### Task item
The answer must be an exact copy of the lines from the top of the listing below through the line with "Close up of", with no pictures.

--- START ---

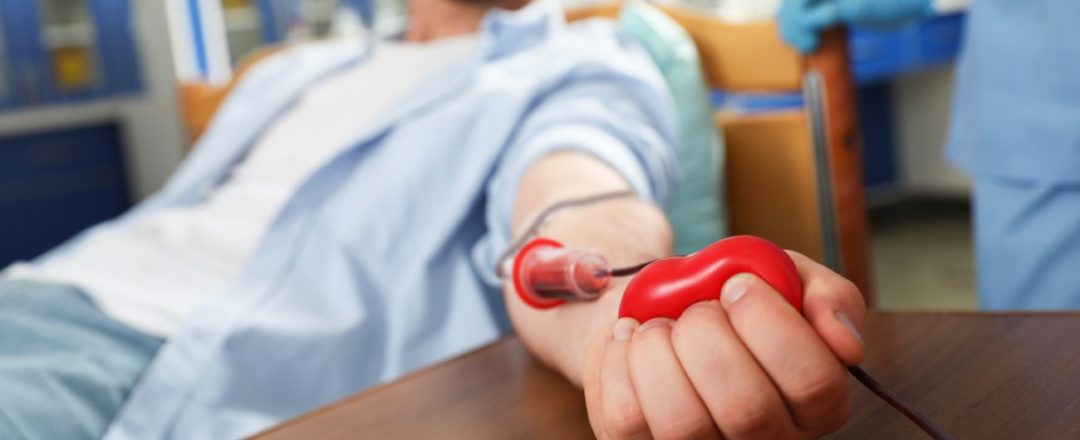 Young man making blood donation in hospital, focus on hand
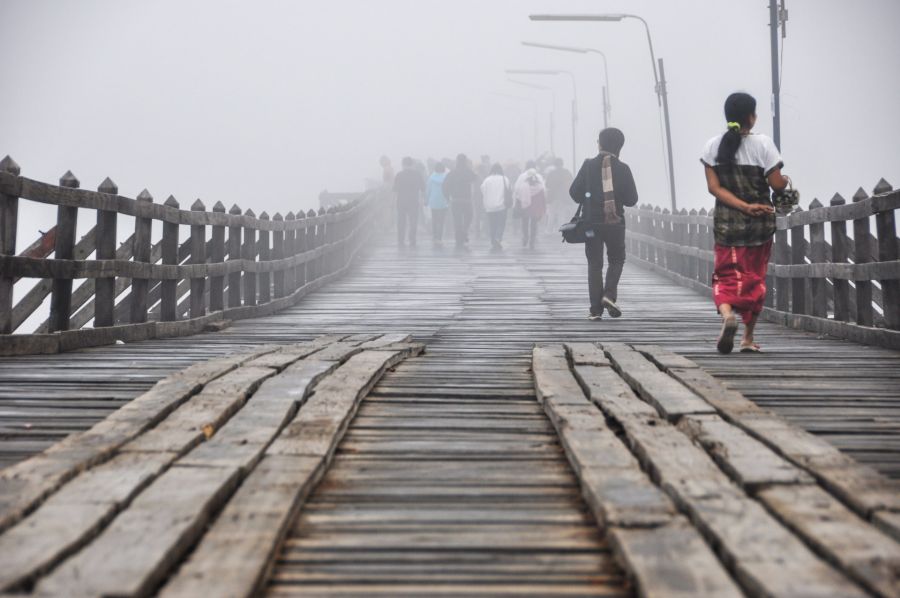 Piétons traversant un pont en bois dans le brouillard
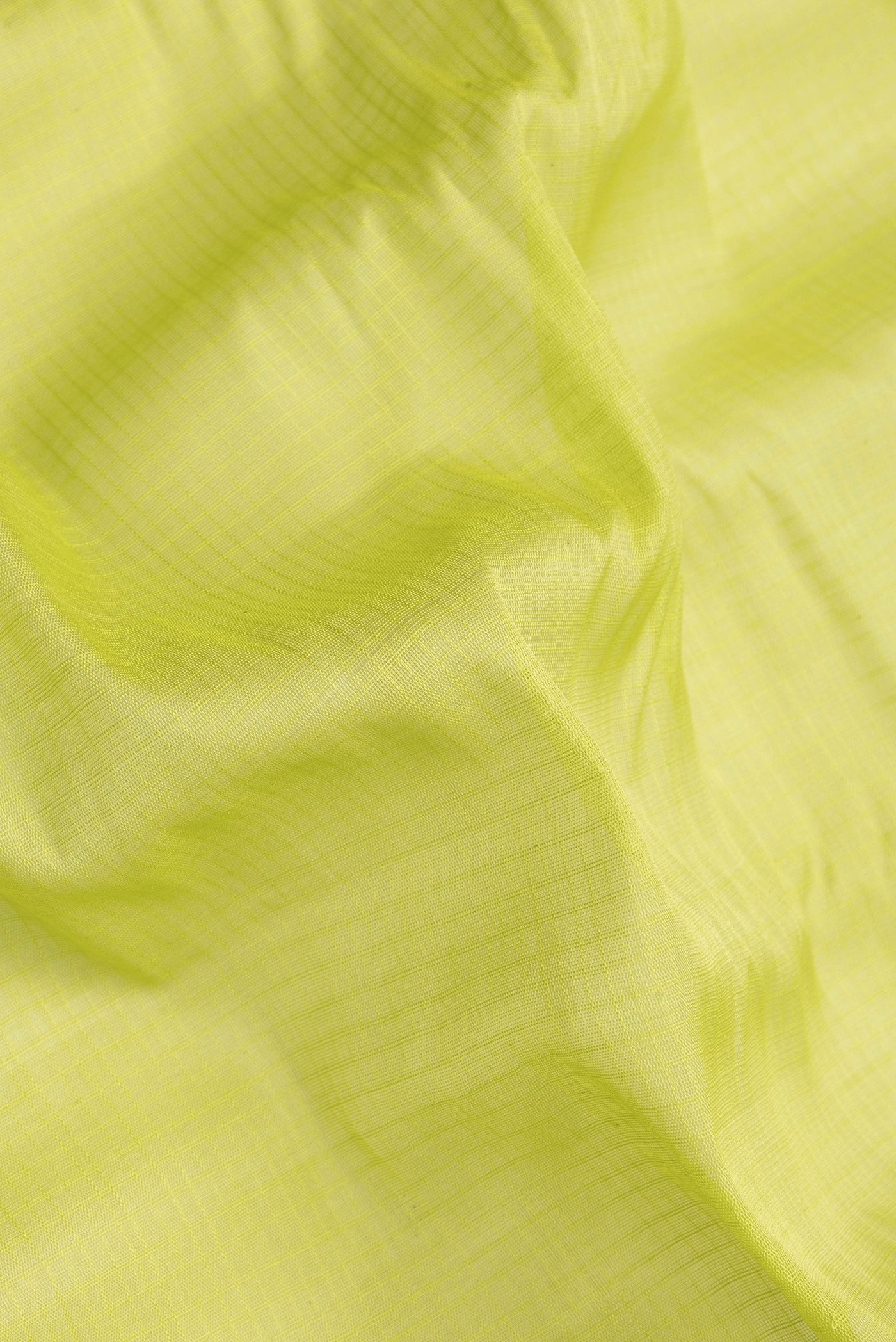 Close up of Parrot Green Dual Tone Gadwal Silk Saree with Checked design on the body and Zari Border.  displaying folds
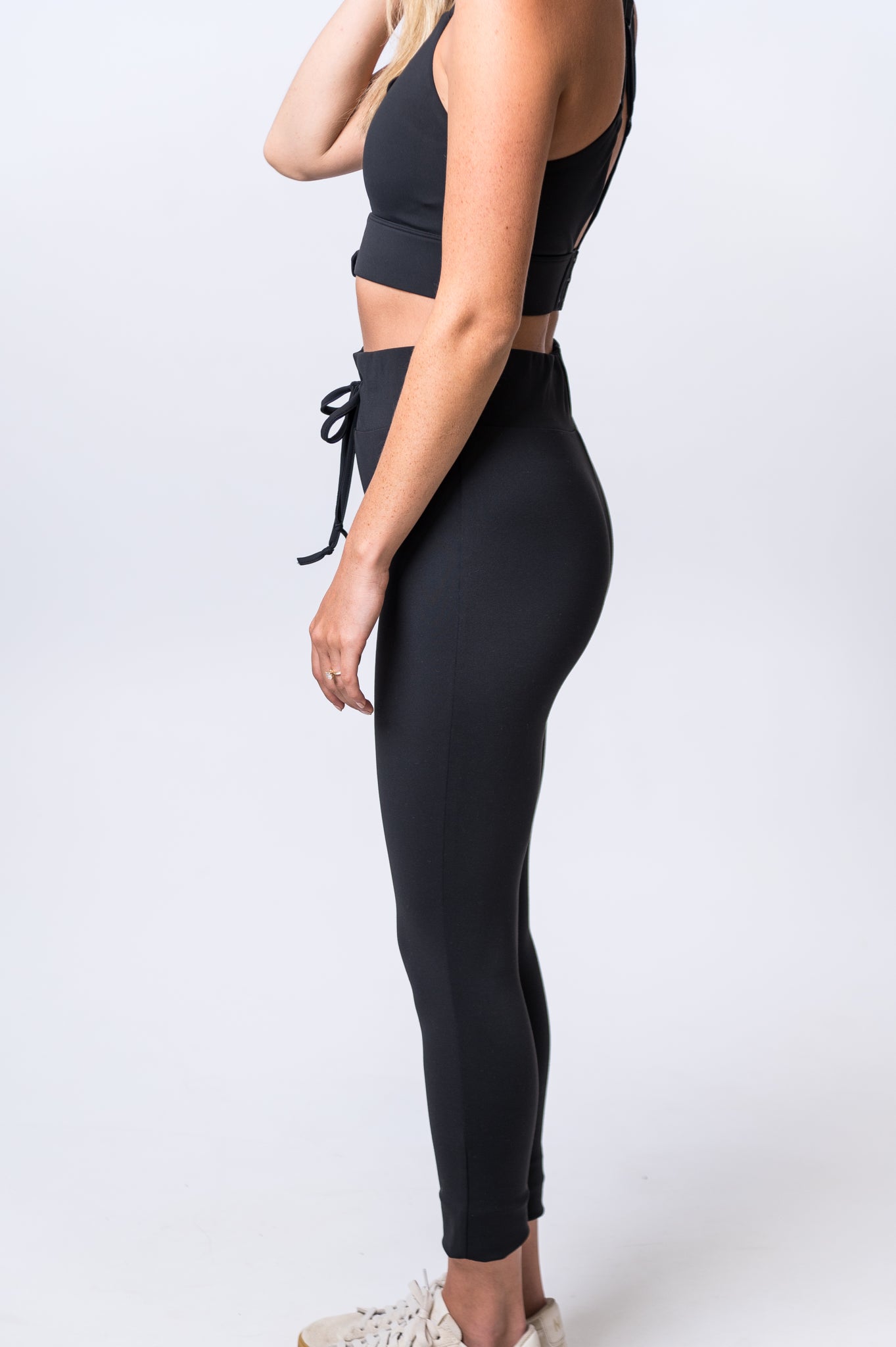 Woman wearing black, ankle length drawstring leggings with matching sports bra and white sneakers. Side of clothing is being shown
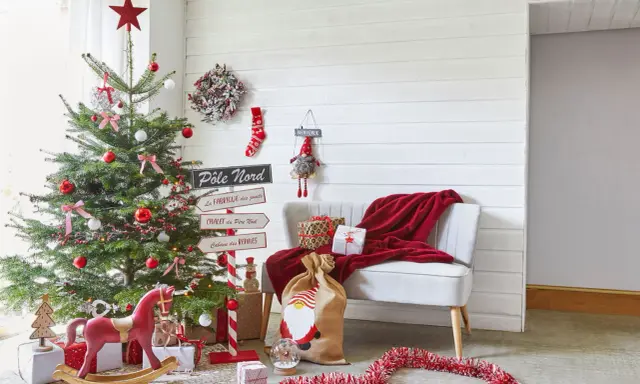 Un sapin décoré, des cadeaux et un fauteuil rouge invitent à faire des décorations de Noël. Un panneau "Pôle Nord" indique la direction.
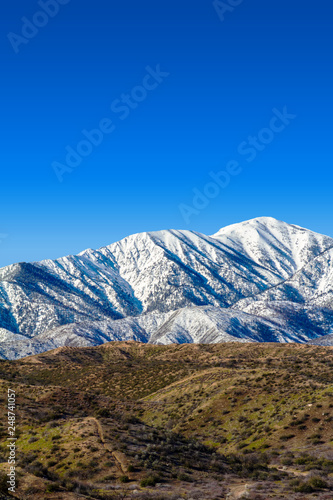 Vertical image of the snow covered San Gabriel Mountains in the Angeles National Forest in Southern California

--- END ---

### Response to the task
 Young man making blood donation in hospital, focus on hand
 Piétons traversant un pont en bois dans le brouillard
 Close up of Parrot Green Dual Tone Gadwal Silk Saree with Checked design on the body and Zari Border.  displaying folds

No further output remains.